Per il tuo benessere e la tua salute, ti tasso. Almeno indirettamente. Con che diritto, si chiedeva Gilbert Keith Chesterton, inglese, scrittore, giornalista e autore de I racconti di padre Brown e fervente cattolico, i governi liberali di Herbert Henry Asquith e di David Lloyd George, in carica dal 1908 al 1918, si arrogavano un tale potere? Dopo lo scoppio della Prima Guerra Mondiale, l’8 agosto 1914 venne emanato il Defence of the Realm Act, che affidava al governo poteri straordinari di censura e controllo per una migliore conduzione della guerra. E tra le altre cose imponeva molte restrizioni sull’uso degli alcolici: stabiliva che tutti i pub chiudessero al massimo alle nove e mezza di sera, la birra venne annacquata e soggetta a una tassa extra di un penny per pinta.
Infine, nel 1916 tutti i pub delle zone dove si producevano armamenti vennero nazionalizzati. Questo venne fatto non solo con spirito di conservazione delle risorse per lo sforzo bellico, ma anche per evitare che l’alcolismo dilagasse tra le mogli dei soldati rimaste a casa.

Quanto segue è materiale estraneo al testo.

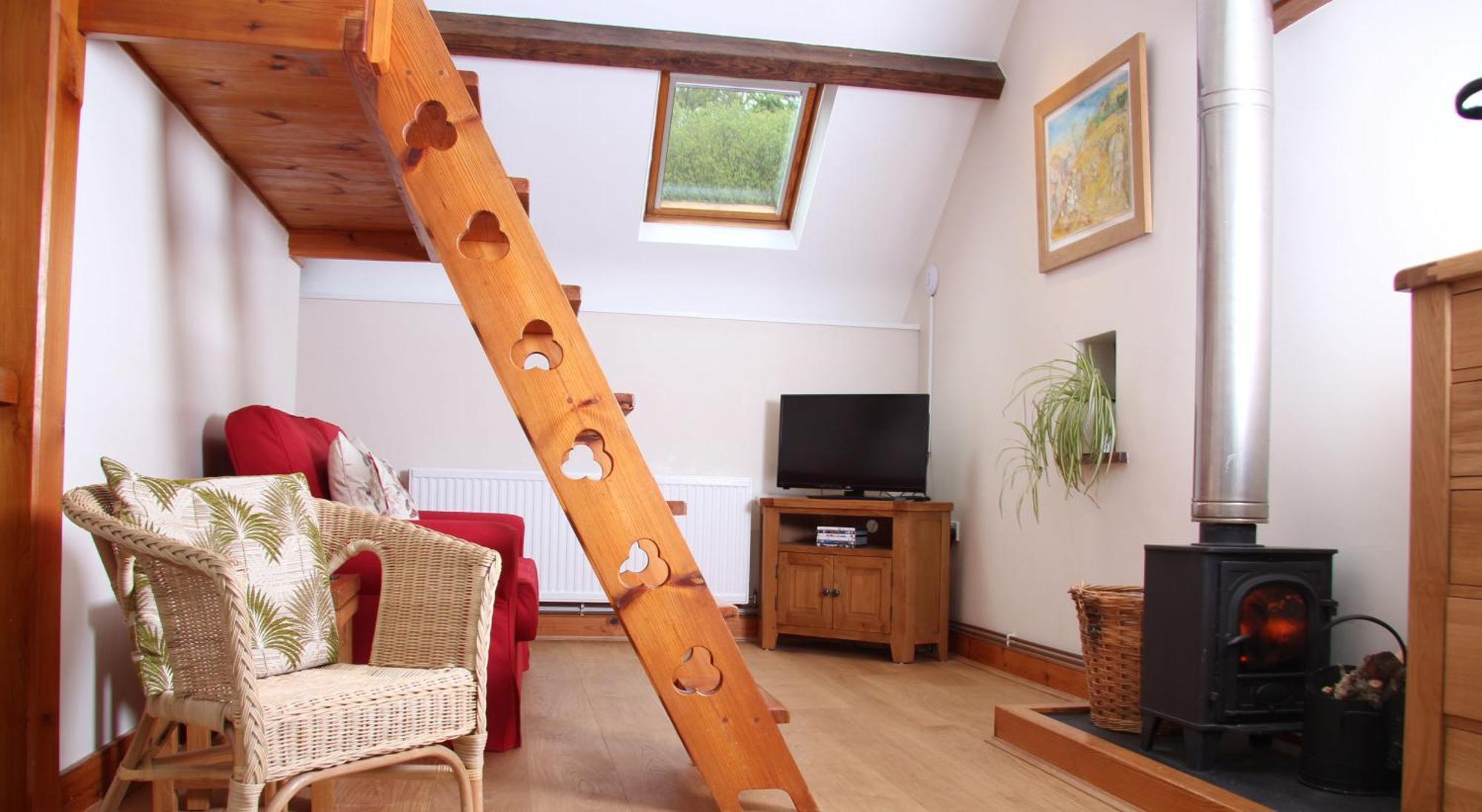 Budleigh Farm Cottages Moretonhampstead Eksteriør bilde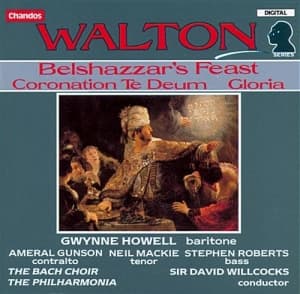 Walton - Belshazzar's Feast (CD)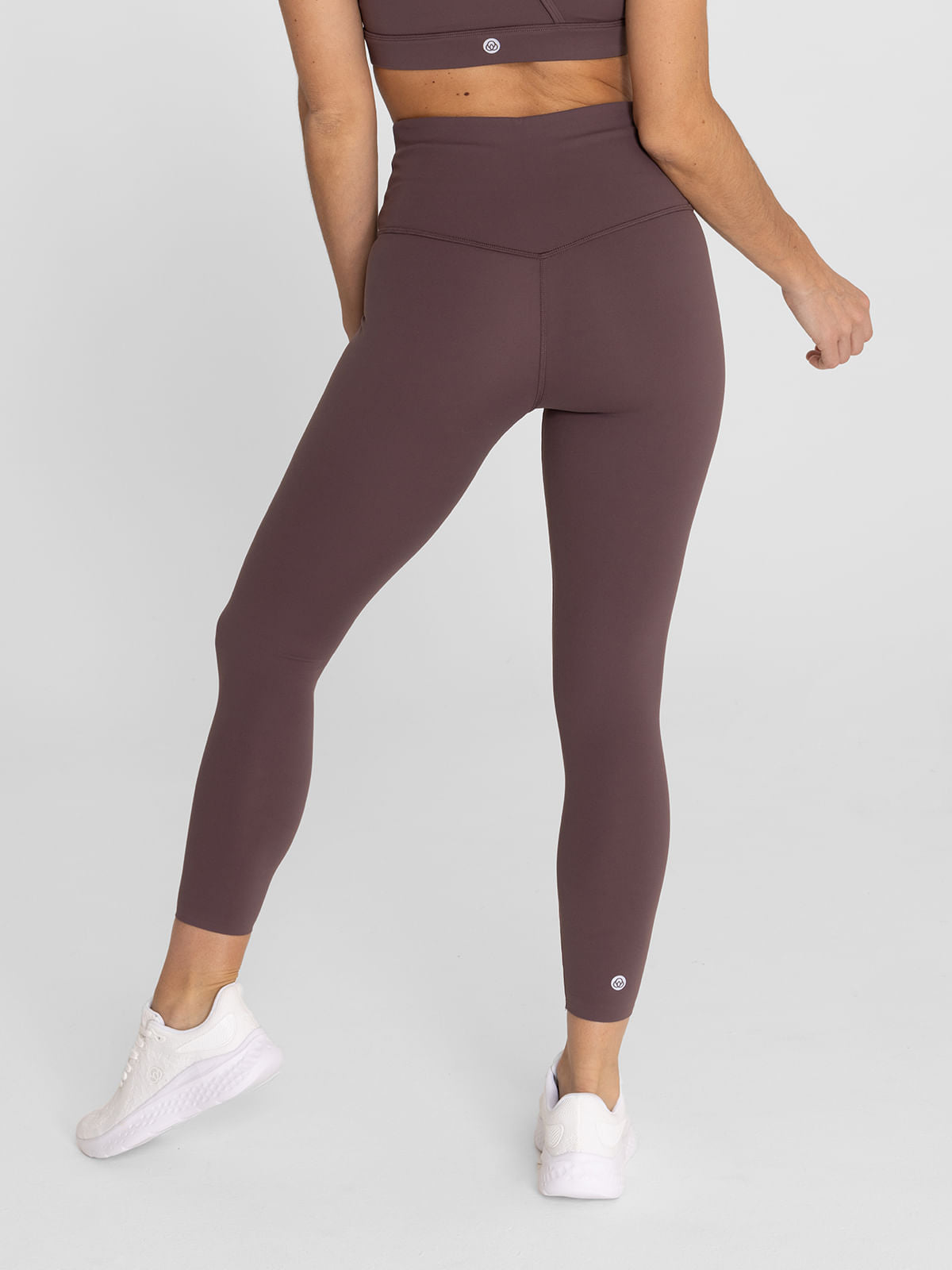 Legging Para Mujer  Juno Marron Bsoul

Per Chesterton, convinto anticapitalista oltreché antisocialista, il governo liberale aveva esagerato nel decidere cosa è bene e cosa è male. Dalle colonne del Daily Herald (quotidiano d’orientamento socialista rivoluzionario, ma che lasciava molta libertà di espressione a Chesterton, molto più del liberale Daily News, da cui Chesterton se ne andò nel 1912) nel 1917 lo scrittore si esprimeva così:
«Le due categorie di riforme sociali, una delle quali forse potrebbe finalmente liberarci mentre l’altra ci asservirebbe per sempre, si manifestano in quel semplice modello operativo rappresentato dalle due iniziative intraprese a favore delle mogli dei soldati: intendo l’aumento dell’assegno d’indennità e il tentativo di ridurre il consumo di alcolici. Nelle considerazioni preliminari dobbiamo in ogni caso valutare la seconda questione prescindendo dalle nostre personali simpatie rispetto al tema delle bevande alcoliche.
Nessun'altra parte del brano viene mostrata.